Saturday, January 17, 2026

BREAKFAST

The sun came up, just like it did yesterday and the day before and the day before that. I can’t remember the last time it rained. Or snowed. The sky doesn’t threaten anything anymore. It just shows up.

It’s quiet. Not peaceful - dead quiet. The sounds of life, liberty, and productivity are long gone. Even the birds have gone silent. Maybe they left. Maybe they died. Either way, they figured something out before we did.

If there’s an upside to being alone, it’s that the air finally smells clean. No exhaust. No burning plastic. No chemical tang in the back of the throat. Even the stench of the rotting corpses is gone now. I couldn’t bury them all. I tried, though.

For about a month, I buried five bodies a day. Dug the holes by hand. Shoveled dirt. Mumbled something respectful, or at least something that sounded like it. Covered them up and moved on to the next. It felt important at the time - like it was the last decent thing left to do. Eventually exhaustion cured me of that idea.

Madness wears a work ethic at first.

I haven’t smelled smoke in months. That’s when I started to think I might be the last one left. For what might have been a year - maybe more - I saw smoke in the distance. Other survivors. Fires meant cooking, warmth, company. At first.

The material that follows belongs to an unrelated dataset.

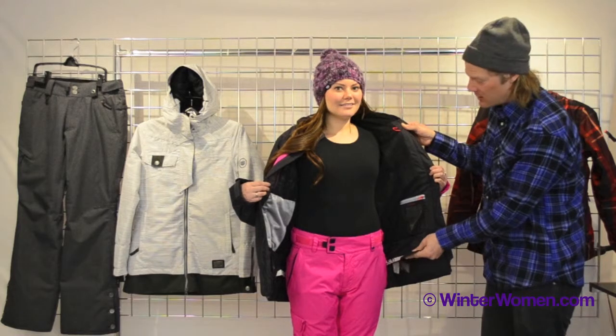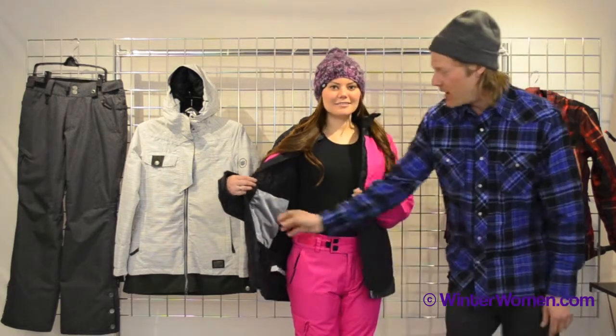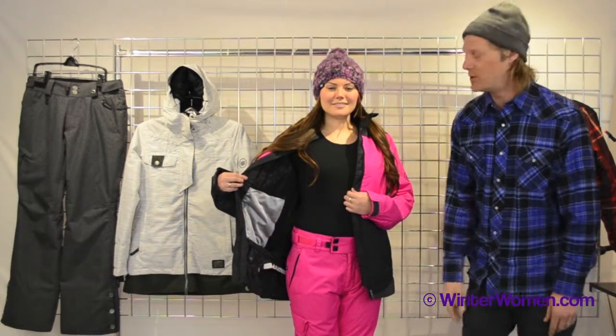The powder skirt in this jacket is also adjustable. We also have a kangaroo pocket on this side, which fits a neck gaiter or an extra goggle lens perfectly.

Later, people burned other things. Furniture. Clothes. Photographs. The past. Books were some of the first to go. A book is only dangerous if someone reads it, and if I’m honest, I doubt anyone had read one voluntarily in decades. Still, they burned them like they were afraid the words might escape.

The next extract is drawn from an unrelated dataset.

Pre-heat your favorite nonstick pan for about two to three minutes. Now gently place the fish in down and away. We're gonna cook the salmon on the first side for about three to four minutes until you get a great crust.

I still find books sometimes when I forage. I’m picky now. Old cookbooks are at the top of my list - real ones, from before recipes turned into brand endorsements. I need to know how to make flour. Real flour. Turns out that knowledge didn’t seem important to anyone until it vanished. The canned food is mostly bad now. Rusted. Swollen. Smells wrong when you crack it open.

I found a camping book once. Edible plants. Wild berries. Roots that won’t kill you. I’ve been studying the pictures more closely lately. Hunger sharpens the eyes.

Night is absolute darkness now. No glow on the horizon. No distant fires. Just me, my candle, and whatever’s watching from the dark. I snuff it out and crawl into bed, same as every night, and wait for sleep. I never get more than a few hours.

Something always wakes me.

Usually raccoons. Daring little bastards. My scent used to scare them off. Now it draws them in. They think I have food. Sometimes they’re right. I used to trap them. I stopped. There are more of them every week. I’m outnumbered now. I’m just a tourist in their world.

I always heard roaches would be the last things alive. I can’t remember the last time I saw one. Maybe the raccoons got them too.

I caught my reflection earlier. Not much left of the man I remember. Hair and beard long, dirty, patchy. My skin is a map of sores and scabs. They hurt, but pain has a way of blending into the background. There’s still water everywhere, but I don’t trust it. I stick to bottles when I can find them. Cleanliness is a memory now, like comfort or certainty.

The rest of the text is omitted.